The Yehoshua Rabinovich Foundation for the Arts’ Cinema Project is backing new projects by Avi Nesher, Yoav Shamir and animation maestro Albert Hanan Kaminski.
It has been a high-profile year for the Cinema Project, the film-financing arm of the Tel Aviv-based Yehoshua Rabinovich Foundation for the Arts.
Natalie Portman’s directorial debut A Tale Of Love And Darkness, an adaptation of Amos Oz’s autobiographical work inspired by his childhood in 1940s Jerusalem, which was backed by the Cinema Project, screened out of competition at Cannes, while André Singer’s documentary Night Will Fall was given a simultaneous global broadcast in 15 territories in January.
Revisiting the attempt by Sidney Bernstein and Alfred Hitchcock to document the horrors of the Nazi concentration camps, the latter’s release coincided with the 70th anniversary of the liberation of Auschwitz-Birkenau.
“We cover feature films, documentary features and graduation shorts,” says Yoav Abramovich, deputy director and artistic director for feature-length feature films at the Cinema Project, of the organisation’s remit.
Under Israel’s Cinema Law, controlling the allocation of state funding for Israeli cinema, the Cinema Project competes with the Israel Film Fund as well as a cluster of smaller funds for projects and Film Council backing.
“The competition is seen as being good for Israeli cinema,” comments Abramovich. “We’re competing to make good films.
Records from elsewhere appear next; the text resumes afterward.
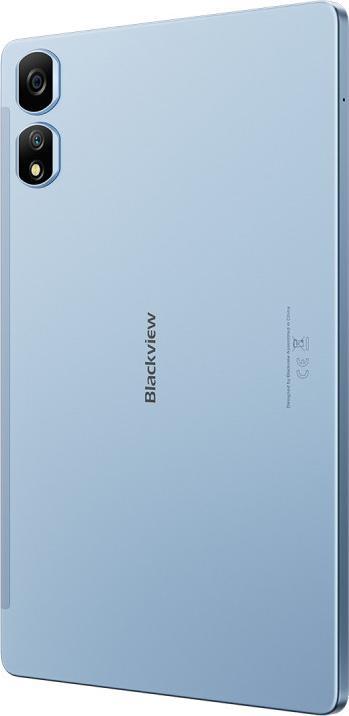 Image du produit Blackview Tab 16 Pro (4G, 11", 256 Go, Daybreak Blue)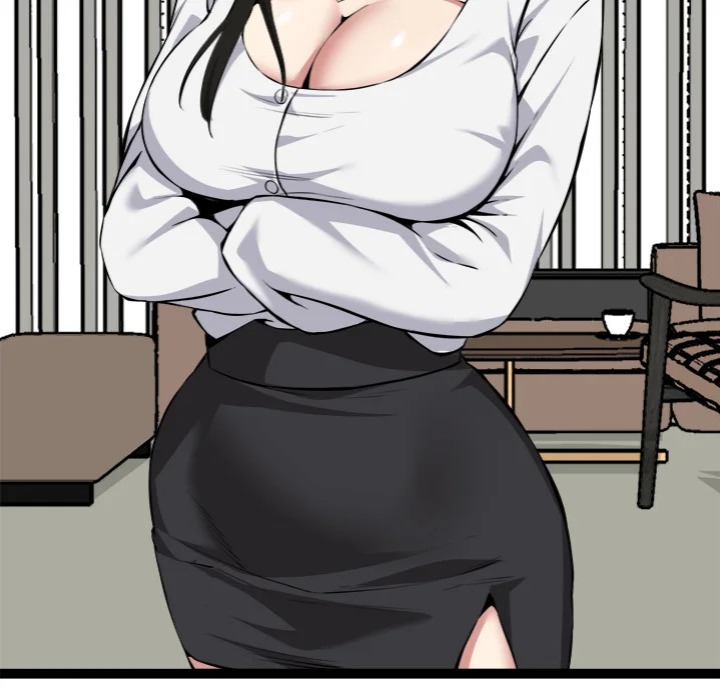 Start Game chapter 31 page 126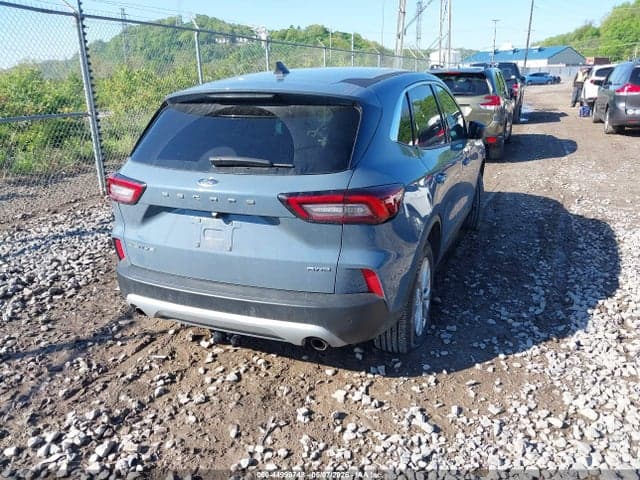 2024 FORD ESCAPE ACTIVE 4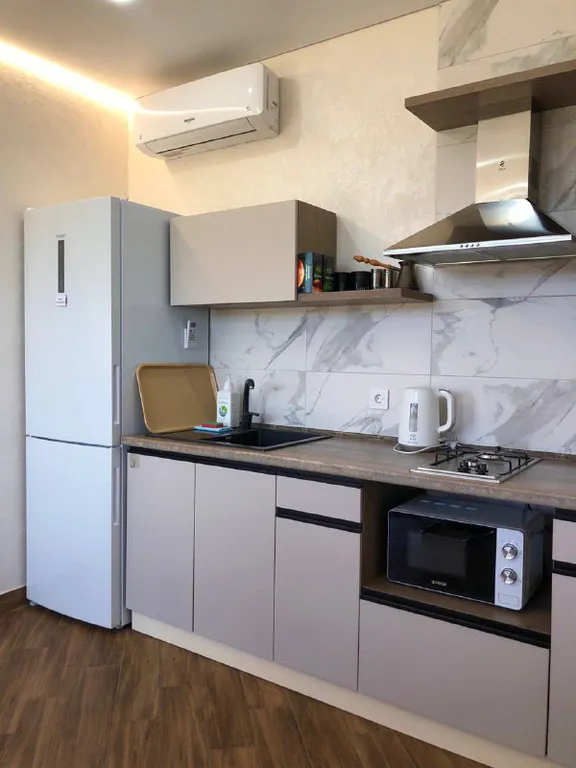 Дом на базе отдыха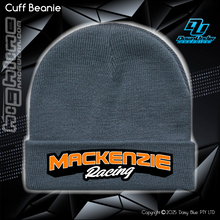 Load image into Gallery viewer, BEANIE - Dave Mackenzie
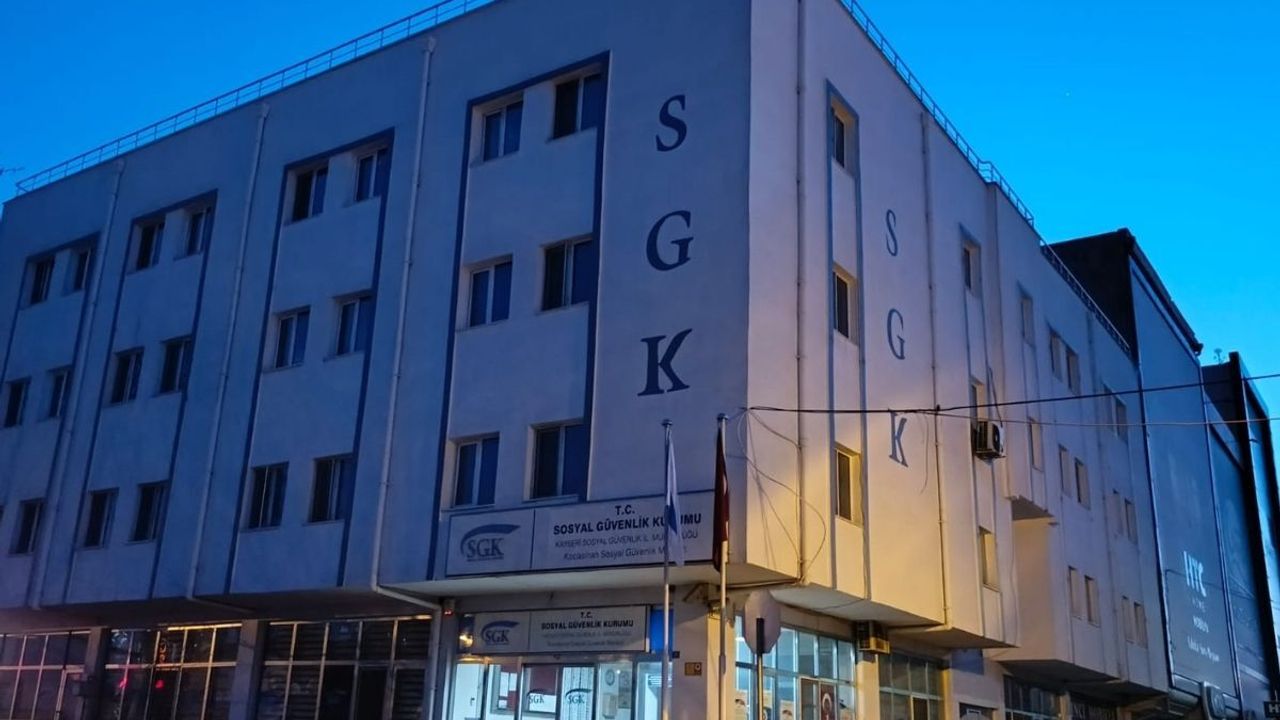 Bu kadar gün primi olanlar emekli maaşı alabilecek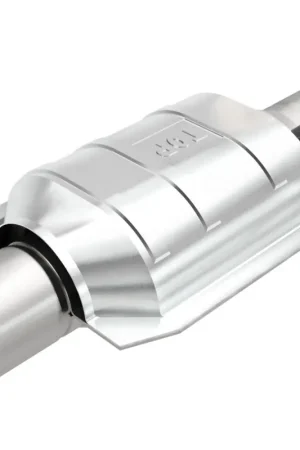 MagnaFlow Conv Univ 2.00inch 1-O2 Rear 50 State Free Shipping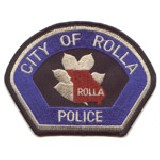 Rolla Police Dept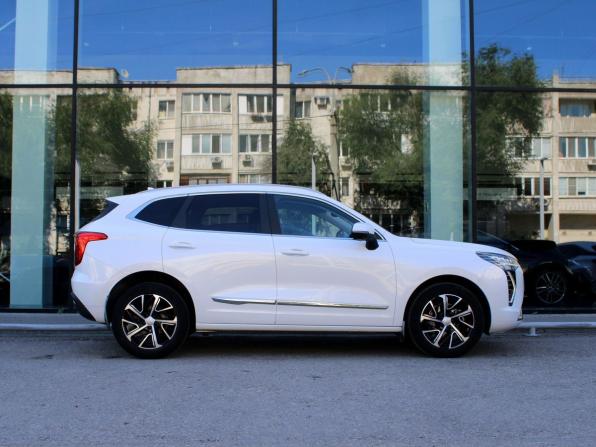 Haval Jolion I с пробегом 2021 года, цена 1 777 000 рублей, 37230 км, внедорожник, Автокод Объявления
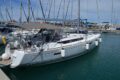 Jeanneau Sun Odyssey 469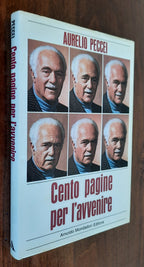 Cento pagine per l’avvenire - Libreria Biellese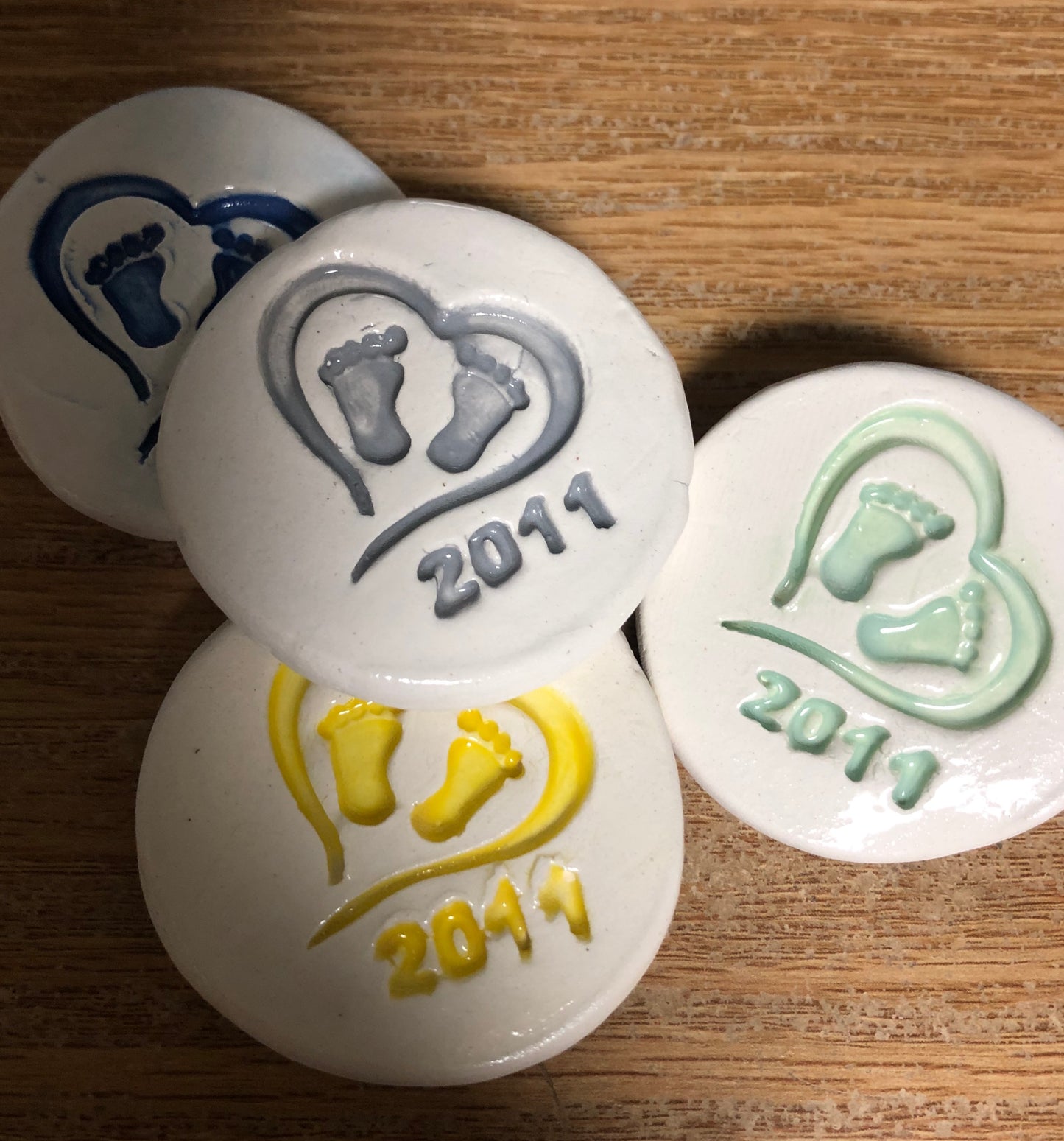 Pocket Stones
We’re judged by the success of our films in festivals and with Israeli audiences.”
The Cinema Project invests around $7.7m (ils29m) each year, which is generally split into $528,000 (ils2m) for a feature and $53,000 (ils200,000) for a documentary.
“We try to support projects that have artistic excellence and we believe will be appealing to the audience,” says Abramovich. “Israel is a complex and heterogeneous society and we try to support artistic expression from all its different parts.”
Upcoming Cinema Project-backed titles include Avi Nesher’s family drama Past Tense, about two Holocaust descendants living in 1970s Israel on the eve of the peace accord with Egypt, and Ethiopia-born, Israel-based Alamork Marsha’s debut feature Fig Tree, which was the winner of the $50,000 top prize at the Sam Spiegel International Film Lab pitching event in 2014.
Fig Tree is inspired by Marsha’s childhood experiences in war-torn Addis Ababa in 1991 and her family’s subsequent flight to Israel.
The Cinema Project has also invested in Yuval Delshad’s Baba Joon, Israel’s first Persian-language film about Jewish immigrants from Iran getting to grips with life on a turkey farm in the Negev desert. It stars Navid Negahban, who played Abu Nazir in Homeland, the US remake of Hatufim.
Further investments include Emil Ben-Shimon’s Women’s Balcony, which is about a moderate Jerusalem community hijacked by an extremist rabbi after the local synagogue is destroyed, forcing the women to take action. It is produced by Talia Kleinhendler and Osnat Handelsman-Keren of Tel Aviv-based Pie Films, whose credits include The Farewell Party, Bethlehem and The Kindergarten Teacher.
Not afraid to take risks, the Cinema Project is also backing an Israeli feature animation. Being Solomon is the latest work by celebrated Israeli animation director Albert Hanan Kaminski, whose credits include the award-winning TV series Pettson And Findus and the adventure fantasy The Real Shlemiel (aka Aaron’s Magic Village).
The Cinema Project is hoping to build on its strong record in documentary.
Headed by Arie Raichman, the documentary strand has previously backed the Oscar-nominated The Gatekeepers and Ra’anan Alexandrowicz and Liran Atzmor’s The Law In These Parts and is now supporting award-winning Yoav Shamir’s upcoming portrait of the controversial free-love Raël cult, featuring interviews with its founder, the France-born Japan-based Claude Vorilhon.
“It’s fascinating because it is a way to see how religion is born because its founder is still alive today,” says Abramovich.
Further non-fiction films in the works include Tal Michael’s portrait of the Frenkel brothers; Jewish animation pioneers who lived in Cairo from the 1920s to the 1940s, creating characters such as Mish-Mish that were as well known as Mickey Mouse in Egypt and the wider Arab world.
Michael’s Pitbulls: Flesh And Blood screened here at Jerusalem Film Festival last year.
The Cinema Project has also backed a new project by Raheli Schwartz that looks at injured Syrian fighters being treated in Israeli hospitals, and Boris Maftsir¹s six-part film The Guardians Of Remembrance, which uncovers the history of the Holocaust in former countries of the Soviet Union.